初見の劇団なので、それほどまでに期待はしていなかったのだが、そんなワタクシの小さな期待を裏切って、大きくやっちゃってくれたのが「小型」。そもそもセットが面白い。主人公の男を小さく見せる為にセットを大きく作っていた。例えば煙草やパソコンなど。そして男の妻を巨人化させるために、妻を映像で観客に見せるという手法。まったくもって抜群の設定じゃないか。そして、夫婦のちょっとした争いの後、ふて寝した男が朝、目覚めたら小型化していたのだった。


そんな小人の夫に、「もうそれじゃセックスも出来ないじゃない。」とセックス旺盛な肉食妻は言い放ち、夫をペットと考えてカニサキと堂々と不倫を始める。そんな妻に小型化してしまった夫は逆らえないばかりか、妻に「貴方の事はペットとして私が一生面倒見てあげるから心配しないで。」なんて言われ、なんだか下僕のような気になって泣くのだった。


そんな折、男が寝ていると、ぐるぐるの形をした大きな飴のようなスパイラルゾーンから、これまた小型の楽隊が順番に飛び出てくる。アホーピッピ・・・アホーピッピなる言語を放ち、踊りながら登場したそのさまはリトルディズニーのようなパレードだ。ピピピ星人のような彼らは小型族という。


男にとっては彼らが不思議な生き物だが小型族にとっては男が不思議な生き物だった。それでも穏やかで争いの嫌いな小型族は男に打ち解け仲良くなるも、男は次第に彼らを支配し始める。そして、いつの間にかリトルワールドの王となって君臨してしまうのだ。家来と化した小型族が王に傅くようになると欲しいものは全て手に入るこの現状に男は精神的に満たされなくなる。 多くの王がそうなるように。


そして男は小型族に人間の行いを要求するようになり、これを受けて小型族はだんだん凶暴になり、飲み屋でのヤクザ同士の抗争にまで発展するのだった。


ひじょうに面白い。男が描いた現実離れしたワールド。男の職業は家から一歩も出なくても出来るデザイン造形だ。作家や引きこもりがそうなように独自の妄想世界をまるでリアルのように構想し自分が主人公になるケースは多い。
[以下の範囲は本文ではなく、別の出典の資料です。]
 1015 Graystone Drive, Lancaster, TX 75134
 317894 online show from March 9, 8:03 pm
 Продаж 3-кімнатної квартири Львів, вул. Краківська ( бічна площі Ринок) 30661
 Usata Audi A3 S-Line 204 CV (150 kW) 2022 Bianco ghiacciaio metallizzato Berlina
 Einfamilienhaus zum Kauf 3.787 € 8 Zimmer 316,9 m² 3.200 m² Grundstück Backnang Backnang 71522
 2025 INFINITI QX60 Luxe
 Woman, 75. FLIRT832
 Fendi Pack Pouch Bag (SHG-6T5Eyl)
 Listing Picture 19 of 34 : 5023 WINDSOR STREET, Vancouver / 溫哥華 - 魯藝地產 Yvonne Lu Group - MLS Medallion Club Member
ここでの男は小型化してしまったが為に、いかにもちっぽけな自分を王に仕立て世界を支配してしまう。しかし、いくらこの世界の王になったところで相変わらず妻のペットで妻なしでは生きていけない存在なのだ。男が悶々としていると、小型族も悶々とし、男の言うとおりに動く小型族に妻のみよちゃんと不倫相手のサキちゃんを重ねるも、男の言いなりになる彼女たちの幻影にはやはり満足できないのであった。
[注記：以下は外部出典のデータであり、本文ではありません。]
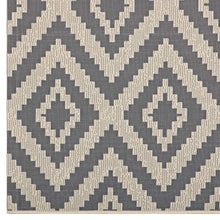 Jagged Geometric Diamond Trellis Indoor and Outdoor 8x10 Area Rug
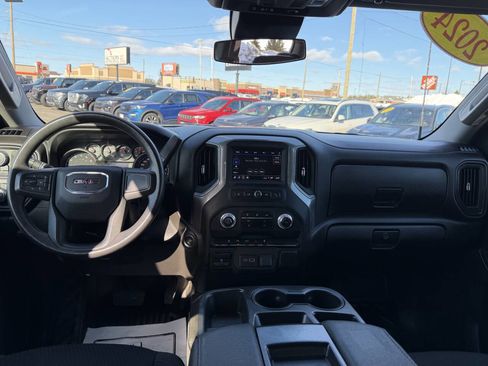 Used 2024 GMC Sierra 2500 Pro image 48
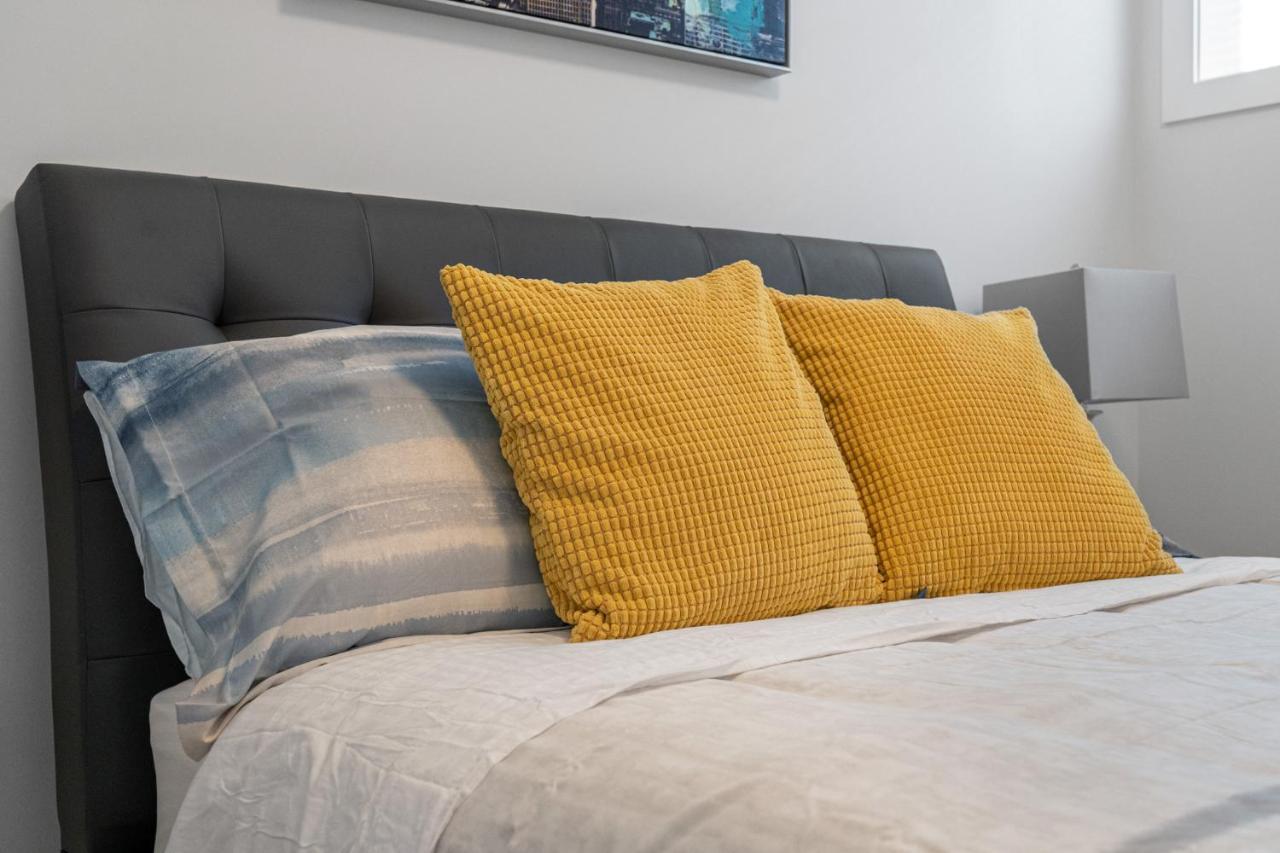 Contemporary Luxury 4 Bedroom House Near Downtown YYC Kültér fotó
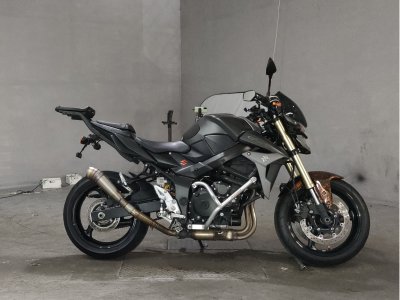 Suzuki GSR750 2016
そして妻に哀願する。「僕は頑張るからセックスをしてほしい」と。しかし「そんな小さな体で私を満たすことは出来ないわ」と上から目線の妻に、「この体全体を君の中に入れればいい。」とチャレンジするも窒息しそうになる男。笑


男を演じた内田龍がいい。イケメンでもなんでもなく普通だ。この普通さがこの物語に一層の悲しみや哀れさや可笑しみを増長させる力がある。男は妻をこれほどまで愛しているのに妻のほうはそれほどでもない現状を考えた時、男は敗北感を抱き心根までも犬のようになってしまうのだ。
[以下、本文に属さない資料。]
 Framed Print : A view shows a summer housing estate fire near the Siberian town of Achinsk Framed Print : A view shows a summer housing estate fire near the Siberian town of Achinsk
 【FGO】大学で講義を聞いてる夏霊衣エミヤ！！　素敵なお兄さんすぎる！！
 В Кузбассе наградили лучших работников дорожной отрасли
妻のセリフやカニサキのセリフを録音して流しているので男のセリフと噛み合わない場面が多々あった。しかしそんな欠点を払拭するように作品が面白い。男が描く妄想劇で妻に捧げる狂想曲ファンタジーのような舞台だった。エンタメとして常軌を逸するほど素晴らしい。

気になったのがVelmaの降板。これによって舞台に影響はでなかったのだろうか?
スタッフでは舞台美術:斉木信太朗、衣装:さかくらきょうこが特に秀逸。